家族の野心

先日、父が「版画に凝ってるらしいね。」とメールしてきました。
ぬいぐるみ作りにはまって16体作り続けた後、材料もネタもなくなって次に始めたのが、版画作りなのです。母の日の頃にアマビエを刷ったものを1枚実家に送ったので、それを見たからかもしれません。

はがきサイズのものを作っていると話したところ、「大きいのにも挑戦して個展をやったらどうかな。」と言われ、またか、と思いました。

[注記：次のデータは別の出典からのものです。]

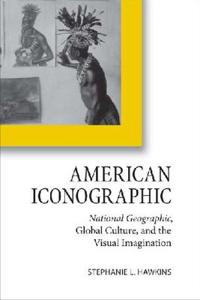 Bokomslag för "American Iconographic"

うちの親は昔から私が何かを作ったと言うと「売れるんじゃない?」とか「個展をやったら?」とか言うのです。それに影響されているのか妹も同じことを言います。それが最近どんどん嫌になってきました。なぜ人が病気になってもまだプレッシャーをかけるようなことを言うのでしょうか。なぜ人が好きでやっていることの取り組み方にアドバイスをするのでしょうか。せっかく楽しいことをやっていても水を差されたような気持ちになります。

うちの家族は劣等感の裏返しなのか、野心が強いのです。もっと純粋に楽しむことを知ればいいのにと思うのですが、何かにつけ上昇志向が顔を出します。「楽しそう。」とか「面白いね。」とか心のままに感想を言うことも下手です。父に何か趣味をすすめても「腰の調子が良くなったら」などと言います。別に私は調子が良くて趣味やってるわけじゃないのに…。父も器用で本来は物を作ったり描いたりしたかったようですが、そういう趣味はありません。何かを作ったり発信したりすることの一側面しか見ないで、簡単に言わないでほしいのです。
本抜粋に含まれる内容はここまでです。